Banning single-use plastic products

Published: January 08, 2020 20:20:04 | Updated: January 10, 2020 22:10:47

Banning single-use plastic products

Banning single-use plastic products is highly challenging, no doubt but the challenge has to be accepted in the interest of survival of human beings and other creatures either on land or in waters. Environmentally most vulnerable, Bangladesh also needs to make its option clear in favour of plastic and synthetic materials that are indiscriminately littered all across the country. During the hearing of a writ petition submitted by 11 non-government organisations to a High Court (HC) bench, the HC has ordered the authorities concerned to prepare the ground for imposition of such a ban. In the next hearing a year later, the respondents have been instructed to inform of the progress made. By 31 December 2022, single-use plastic products have to phased out completely. In the meantime, substitutes will have to be developed.

It is not for nothing that the HC has granted two years' time for doing away with one-time-use plastics. Involved here are industries and businesses which have become dependent on this type of plastics. India retracted from its decision to impose a ban on six such items. Plastic bags, cups, plates, small bottles, straws and certain types of sachets were on the list but those have been exempted considering the adverse impact on certain industries and their employees at a time of economic downturn. Bangladesh will face similar problems unless preparation is taken from now on for enforcement of the ban. Sachets made from multi-layered packaging cannot instantly be banned because those will disrupt supply of bread, biscuit, salt, milk and some other essentials. However, the ban on polythene bags is there and the product's use is illegal. Quite rightly, the HC has asked the government to enforce the legal provision. On this count, its order is straightforward - not only will market monitoring have to be carried out but also factories closed down and machinery confiscated. Indeed, the source of polythene bags has to be plugged. Similar action may be taken on Styrofoam.

Bangladesh enjoys the advantage of developing ultra-thin bag from jute, which can more than rival the poly bags in thinness, durability and endurance stress. Most importantly, it is environmentally degradable. When some economic sectors need water-resistant materials for wrapping and packaging, the newly developed sheet of jute can easily replace polythene sheets. Biscuit, salt and milk can have environmentally friendly package if this jute sheet is further improved. At a time when jute mills are turning losing concerns and workers and employees are not receiving their wages, the government itself should go for commercial production of the jute poly bags or encourage private entrepreneurs to get into the job.

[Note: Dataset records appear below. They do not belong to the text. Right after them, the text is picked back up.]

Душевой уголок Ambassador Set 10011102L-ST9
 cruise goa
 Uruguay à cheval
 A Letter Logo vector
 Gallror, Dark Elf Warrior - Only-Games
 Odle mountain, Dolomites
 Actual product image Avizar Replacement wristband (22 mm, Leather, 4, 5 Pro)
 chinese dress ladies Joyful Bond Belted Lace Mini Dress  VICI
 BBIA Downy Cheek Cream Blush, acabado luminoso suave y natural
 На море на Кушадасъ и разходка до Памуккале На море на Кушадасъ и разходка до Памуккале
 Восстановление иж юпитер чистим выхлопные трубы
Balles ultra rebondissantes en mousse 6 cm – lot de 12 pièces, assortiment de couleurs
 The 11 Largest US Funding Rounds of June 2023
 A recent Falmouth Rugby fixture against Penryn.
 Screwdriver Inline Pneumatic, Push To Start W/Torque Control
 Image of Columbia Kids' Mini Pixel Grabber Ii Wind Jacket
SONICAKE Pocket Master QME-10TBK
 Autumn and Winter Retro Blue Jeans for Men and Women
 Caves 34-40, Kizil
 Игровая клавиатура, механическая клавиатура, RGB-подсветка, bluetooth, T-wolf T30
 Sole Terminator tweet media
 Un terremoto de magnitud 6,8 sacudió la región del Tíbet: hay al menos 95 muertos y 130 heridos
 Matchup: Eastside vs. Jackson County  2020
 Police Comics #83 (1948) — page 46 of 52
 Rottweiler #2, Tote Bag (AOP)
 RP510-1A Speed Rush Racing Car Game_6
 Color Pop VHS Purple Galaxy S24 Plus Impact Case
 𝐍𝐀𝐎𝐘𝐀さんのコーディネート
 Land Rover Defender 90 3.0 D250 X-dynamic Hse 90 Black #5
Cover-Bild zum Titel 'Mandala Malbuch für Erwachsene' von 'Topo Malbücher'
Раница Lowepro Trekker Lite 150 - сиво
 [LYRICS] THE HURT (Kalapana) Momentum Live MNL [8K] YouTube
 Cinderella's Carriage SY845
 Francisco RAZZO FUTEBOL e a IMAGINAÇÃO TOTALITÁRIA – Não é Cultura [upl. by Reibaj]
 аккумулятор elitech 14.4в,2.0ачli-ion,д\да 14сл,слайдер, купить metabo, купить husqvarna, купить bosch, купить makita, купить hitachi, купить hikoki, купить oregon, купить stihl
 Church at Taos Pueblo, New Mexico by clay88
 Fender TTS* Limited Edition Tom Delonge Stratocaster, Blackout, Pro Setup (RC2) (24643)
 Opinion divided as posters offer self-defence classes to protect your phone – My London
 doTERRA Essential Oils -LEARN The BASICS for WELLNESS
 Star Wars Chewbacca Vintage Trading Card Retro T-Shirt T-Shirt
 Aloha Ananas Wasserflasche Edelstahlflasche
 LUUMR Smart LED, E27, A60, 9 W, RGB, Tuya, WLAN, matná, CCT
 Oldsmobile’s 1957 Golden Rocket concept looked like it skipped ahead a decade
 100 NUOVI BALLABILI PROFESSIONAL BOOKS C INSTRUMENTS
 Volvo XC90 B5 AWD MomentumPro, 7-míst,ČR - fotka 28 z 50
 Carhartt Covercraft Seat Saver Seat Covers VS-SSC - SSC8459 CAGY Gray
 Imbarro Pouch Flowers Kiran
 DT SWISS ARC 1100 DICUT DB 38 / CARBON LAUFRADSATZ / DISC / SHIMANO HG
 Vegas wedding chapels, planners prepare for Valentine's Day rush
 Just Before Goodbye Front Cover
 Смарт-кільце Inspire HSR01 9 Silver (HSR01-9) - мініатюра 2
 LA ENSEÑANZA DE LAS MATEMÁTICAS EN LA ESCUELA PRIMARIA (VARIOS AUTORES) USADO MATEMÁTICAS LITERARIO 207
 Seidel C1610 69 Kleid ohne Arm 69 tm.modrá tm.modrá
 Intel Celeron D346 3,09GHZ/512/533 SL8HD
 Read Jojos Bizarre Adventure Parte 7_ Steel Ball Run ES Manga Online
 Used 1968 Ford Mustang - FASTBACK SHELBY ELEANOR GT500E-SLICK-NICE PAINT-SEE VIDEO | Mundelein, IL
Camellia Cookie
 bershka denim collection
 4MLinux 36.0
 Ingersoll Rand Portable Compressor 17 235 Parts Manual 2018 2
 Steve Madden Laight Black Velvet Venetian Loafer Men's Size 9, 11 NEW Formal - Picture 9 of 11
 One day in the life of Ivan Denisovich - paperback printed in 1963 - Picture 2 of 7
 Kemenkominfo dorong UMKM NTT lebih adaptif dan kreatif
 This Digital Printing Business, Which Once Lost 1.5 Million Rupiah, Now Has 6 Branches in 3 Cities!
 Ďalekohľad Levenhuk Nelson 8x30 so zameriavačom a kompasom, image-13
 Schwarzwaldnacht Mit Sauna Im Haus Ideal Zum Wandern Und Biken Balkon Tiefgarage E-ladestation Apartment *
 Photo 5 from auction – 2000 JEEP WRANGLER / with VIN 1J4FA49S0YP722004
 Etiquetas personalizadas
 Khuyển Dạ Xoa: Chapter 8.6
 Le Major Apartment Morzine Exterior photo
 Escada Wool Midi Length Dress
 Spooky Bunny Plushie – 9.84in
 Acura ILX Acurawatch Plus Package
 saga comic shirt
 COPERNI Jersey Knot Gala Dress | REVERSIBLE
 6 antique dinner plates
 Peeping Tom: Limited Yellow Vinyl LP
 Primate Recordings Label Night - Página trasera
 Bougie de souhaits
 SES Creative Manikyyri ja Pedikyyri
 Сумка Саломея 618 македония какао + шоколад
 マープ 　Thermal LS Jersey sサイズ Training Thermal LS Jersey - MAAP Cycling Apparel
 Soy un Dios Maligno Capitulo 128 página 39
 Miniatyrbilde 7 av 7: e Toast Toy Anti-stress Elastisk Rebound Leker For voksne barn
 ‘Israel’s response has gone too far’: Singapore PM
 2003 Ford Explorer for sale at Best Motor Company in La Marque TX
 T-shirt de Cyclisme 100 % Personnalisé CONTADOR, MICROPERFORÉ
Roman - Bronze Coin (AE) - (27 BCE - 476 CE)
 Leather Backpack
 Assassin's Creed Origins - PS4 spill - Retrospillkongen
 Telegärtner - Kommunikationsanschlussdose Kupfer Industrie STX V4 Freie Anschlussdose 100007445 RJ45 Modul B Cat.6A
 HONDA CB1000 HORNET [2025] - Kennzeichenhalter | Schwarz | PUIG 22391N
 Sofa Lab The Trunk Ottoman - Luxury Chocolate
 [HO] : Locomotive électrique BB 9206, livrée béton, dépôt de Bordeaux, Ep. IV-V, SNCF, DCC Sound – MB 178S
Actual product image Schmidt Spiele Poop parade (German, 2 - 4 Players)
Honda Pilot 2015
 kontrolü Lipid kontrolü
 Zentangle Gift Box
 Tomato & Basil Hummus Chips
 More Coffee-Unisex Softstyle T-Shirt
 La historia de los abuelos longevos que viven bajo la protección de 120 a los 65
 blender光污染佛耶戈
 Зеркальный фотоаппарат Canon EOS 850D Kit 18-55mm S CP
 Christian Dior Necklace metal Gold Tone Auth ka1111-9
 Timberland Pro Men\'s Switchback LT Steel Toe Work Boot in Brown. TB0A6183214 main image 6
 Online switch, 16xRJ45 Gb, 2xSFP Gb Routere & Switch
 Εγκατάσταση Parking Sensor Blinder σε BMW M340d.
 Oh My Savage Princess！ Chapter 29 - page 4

Already 100 million tonnes of plastic has been dumped into the oceans of this planet because its waste has grown into an epidemic proportion. It has threatened even the lives of sea and river creatures. Bangladesh has allowed unregulated growth of the plastic industry. Because it is cheaper than its counterparts, its use has been random and indiscriminate. Polythene staged a comeback because of its cheaper price and handy use. If jute poly bag is produced on a large scale, the price will come down. But plastic has no such substitute yet. Research should be carried on to find a substitute from jute.